Former Fox News correspondent warns the network is stoking fear and anger on the right

Carl Cameron is the former chief political correspondent for Fox News, and he’s warning that the network deliberately seeks to find things it can highlight in order to foment “fear and anger” among the extreme right-wing.

Cameron spoke with the New York Times for an article on how the language used by the shooter who allegedly killed 22 people at a Walmart in El Paso, Texas, was taken directly from the things he saw on Fox News and other right-wing news outlets. As AlterNet notes:

Shortly before the terrorist mass shooting in El Paso that left 22 people dead, the killer (according to law enforcement) posted a 2300-word manifesto on 4Chan asserting that he was acting in order to fight an “Hispanic invasion of Texas.” And the Times report (written by Jeremy W. Peters, Michael M. Grynbaum, Keith Collins, Rich Harris and Rumsey Taylor and published on August 11) notes that right-wing media stars like Rush Limbaugh, Ann Coulter and Fox News’ Tucker Carlson have been using the same type of rhetoric.

All of this fits into a larger narrative that is built around what’s known as “replacement theory,” i.e. Anglo-Saxon Americans are being “replaced” by non-Anglo immigrants across the Western world:

Proponents of the Replacement Theory tend to rail against Latinos in the U.S., whereas in Europe, they view whites as being “replaced” by immigrants from the Middle East or Africa.

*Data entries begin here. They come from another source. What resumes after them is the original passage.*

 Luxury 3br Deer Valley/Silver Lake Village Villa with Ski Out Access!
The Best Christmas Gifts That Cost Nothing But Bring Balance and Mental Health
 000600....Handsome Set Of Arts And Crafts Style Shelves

Conservative commentator Bill Kristol says the idea of an “invasion” is particularly troubling to him:

“It’s a bit of a vicious cycle. Something is said on Fox News, and Trump repeats it, and that legitimizes it — and then, someone else goes a little further…. The use of what once would have been viewed as really extreme and inappropriate and sometimes conspiratorial, sometimes dehumanizing language is really striking.”

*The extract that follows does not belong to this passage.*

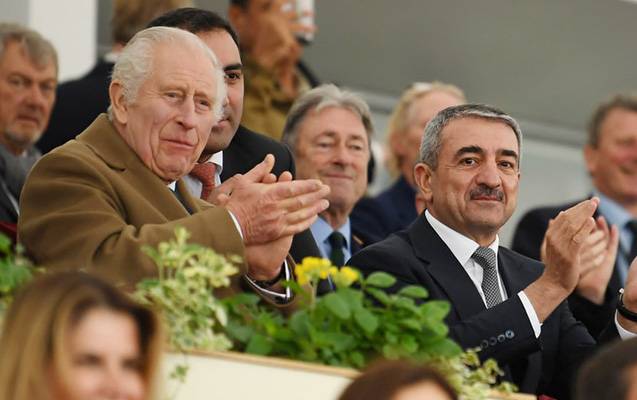 Elçin Quliyev III Çarlzla bir arada - FOTOLAR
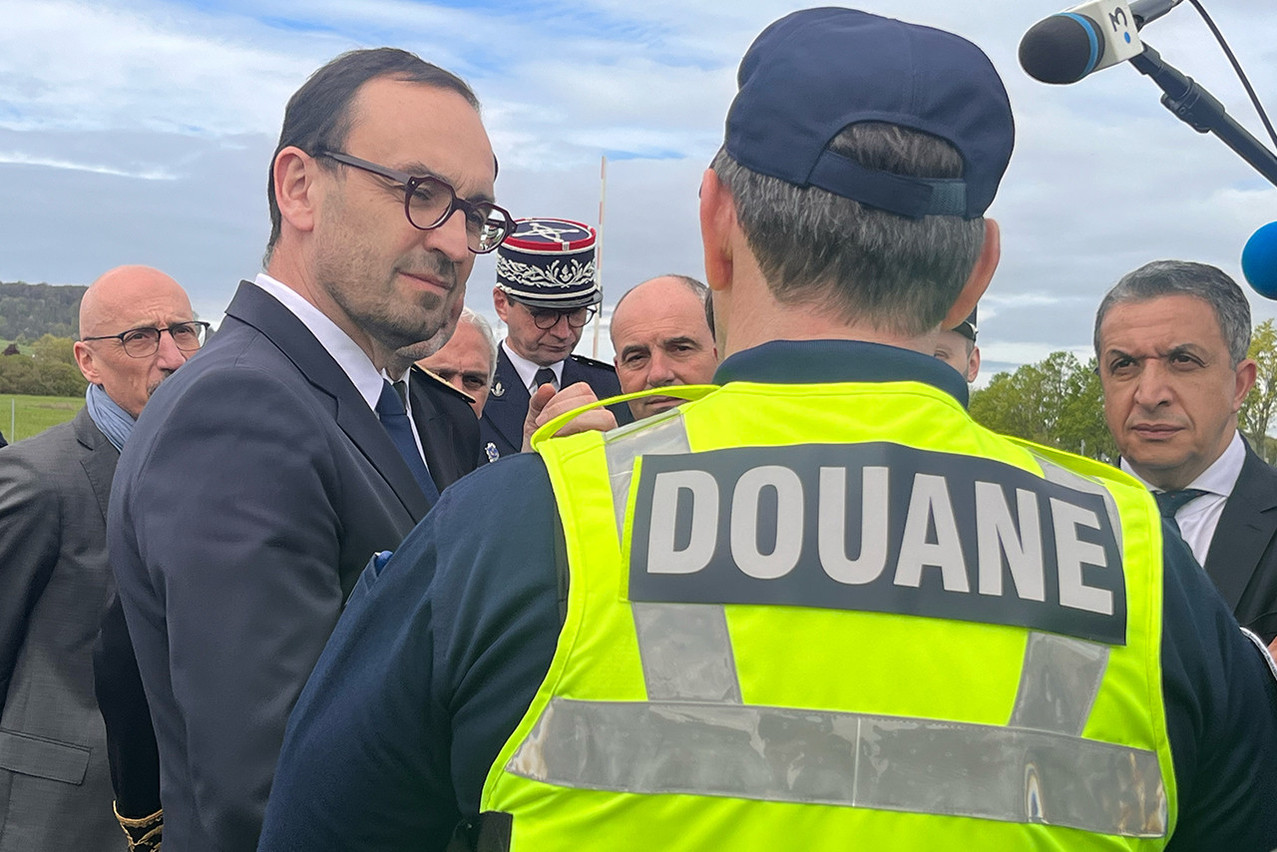 Le ministre français délégué aux Comptes publics, Thomas Cazenave était en Moselle ce jeudi 11 avril. Il a rencontré une délégation de buralistes, ainsi que les douaniers de Thionville. (Photo: Maison Moderne)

Who uses the word “invasion” and the idea of replacement the most? According to the Times, those concepts are most often uttered by Tucker Carlson, Sean Hannity, and Laura Ingraham, the three hosts who occupy the 8-10 p.m slots on Fox each weekday evening.

Granted, none of the hosts at Fox fired a single shot or directed the El Paso shooter to do what he did, but their rhetoric may well have contributed to radicalizing him to the point that he felt a need to purchase an assault rifle and commit an act of domestic terrorism.

As Carl Cameron rightly said, Fox is stoking fear and anger on the right, and that alone makes it a pernicious influence that needs to be seen as a contributing factor to mass shootings carried out by racists and right-wing terrorists.